High inflation and staff shortages affecting pay - report

Pay rises have increased to their highest level since the summer of last year, research suggests

PAY rises have increased to their highest level since the summer of last year, research suggests.

Pay analysts XpertHR said the median basic pay increase was worth 2.2 per cent in the three months to the end of November, up from 2 per cent in the previous rolling quarter.

This is the highest level since June 2020, and reflects high inflation rates and ongoing staff shortages which have put pressure on employers to increase wages, said XpertHR.

Just over half of pay awards were higher than the same group of employees received in the previous year.

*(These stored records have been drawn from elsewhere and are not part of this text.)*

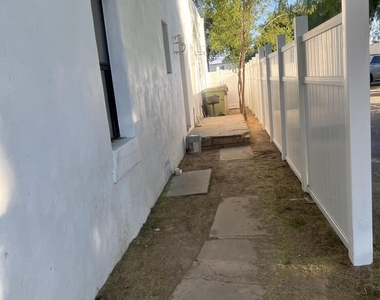 5914 W Myrtle Avenue - Photo Thumbnail 10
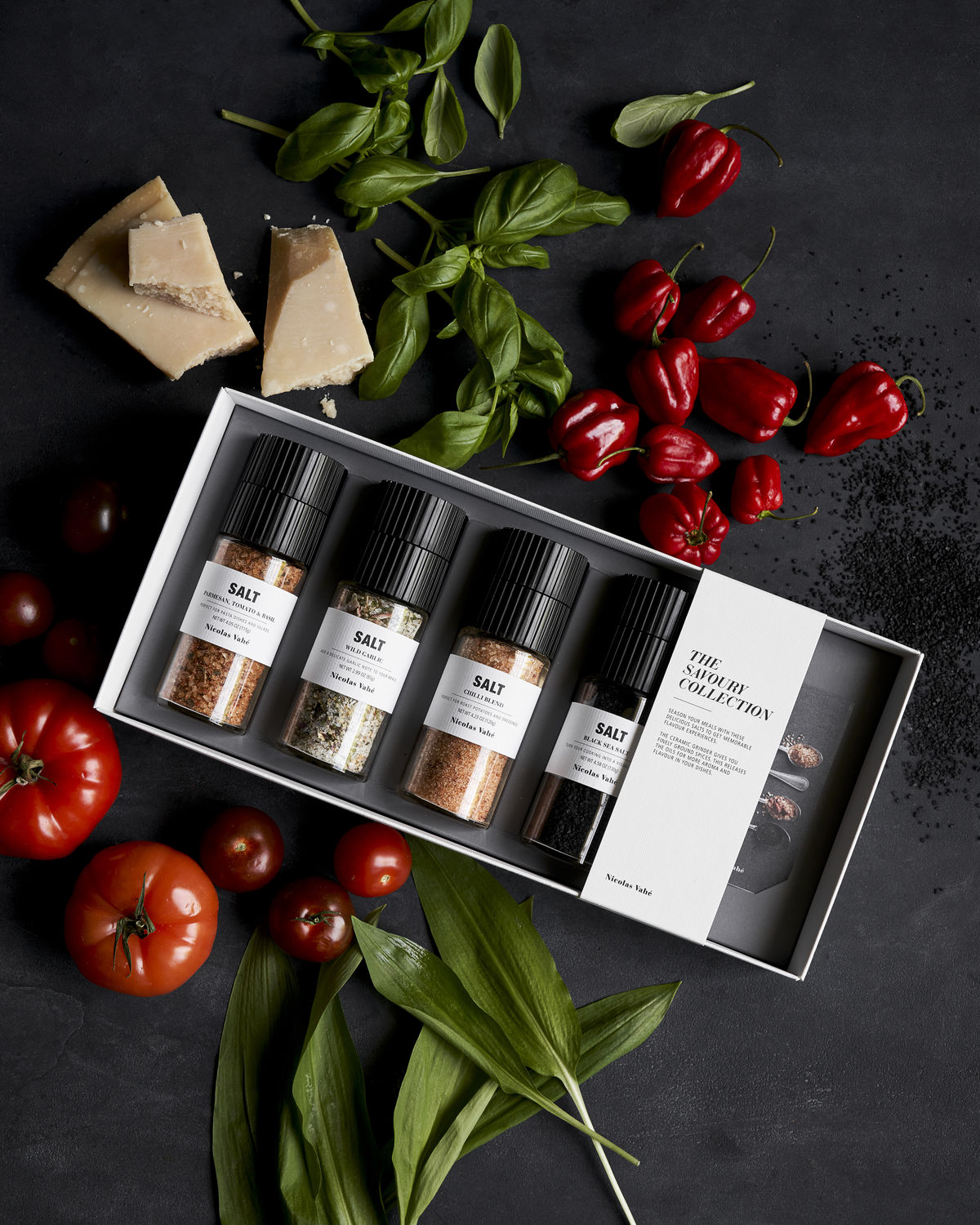 Gift box, Nicolas Vahé Savoury, 130 g., 85 g., 120 g., 115 g Gift box, Nicolas Vahé Savoury, 130 g., 85 g., 120 g., 115 g.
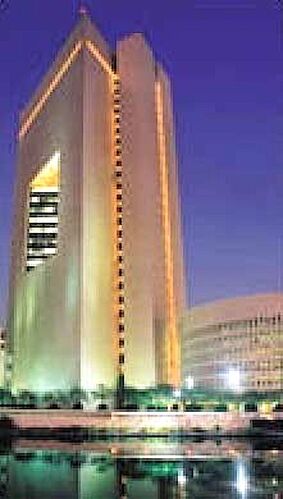 Klik om te vergroten Bank in Jeddah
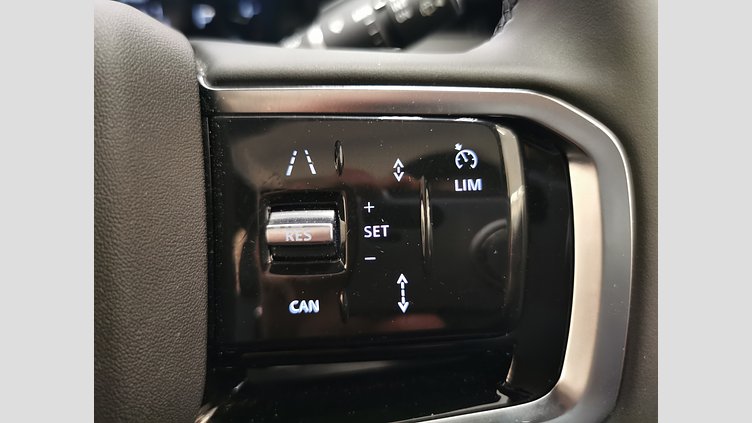 2024 認定中古車 Land Rover Discovery Sport ハクバシルバー D200マイルドハイブリッド（ディーゼル） 標準ホイール DYNAMIC SE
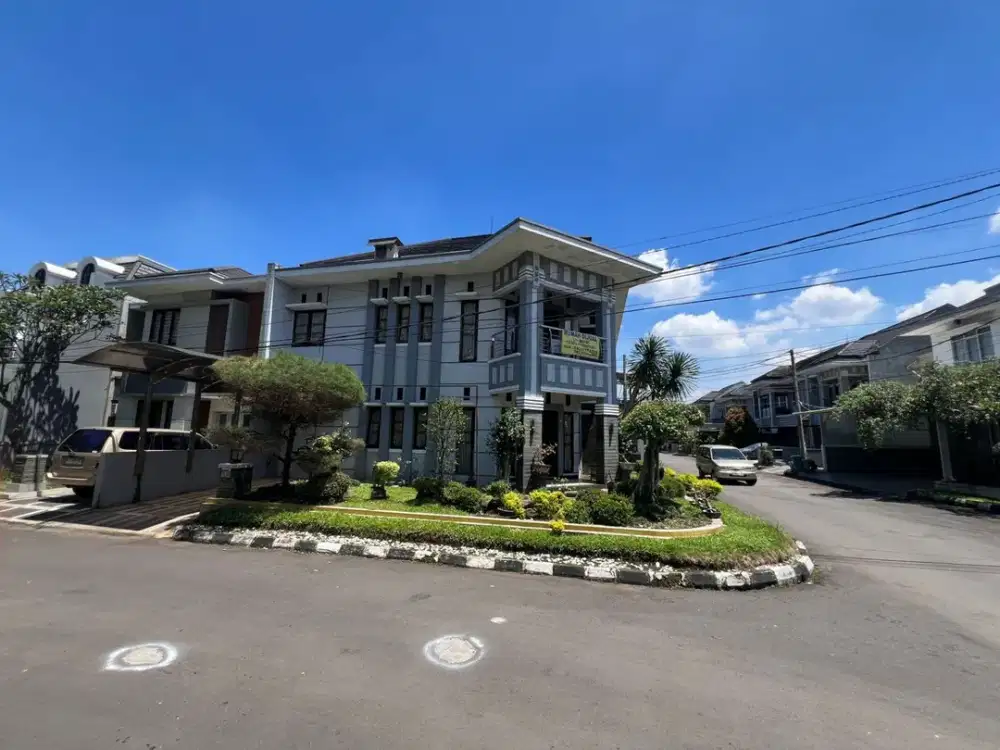 Rumah Mewah LELANG Murah 2 lantai Hoek siap huni di Komplek Padmae Regency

The study of 42 pay settlements covering more than 650,000 workers by XpertHR also found only three resulted in a pay freeze.

In the last year, median basic pay rises for the public sector were 1.4 per cent, compared with 1.8 per cent in the private sector.

A year ago the figures were 2.5 per cent and 2 per cent respectively, said the report.

Sheila Attwood, XpertHR pay and benefits editor, said: "The rise in the median basic pay award could be the first sign of the pay pressure that we expect to see in the months ahead.

"High inflation rates pushing up the cost of living and labour shortages are putting pressure on employers to increase wages to attract and retain workers.

"Despite this, it is encouraging to see pay freezes become less common and we expect to see this continue as we head into 2022.

"Our most recent survey predicted that pay awards would reach 2.5 per cent in 2022, and it looks like we are now on the way to hitting that figure."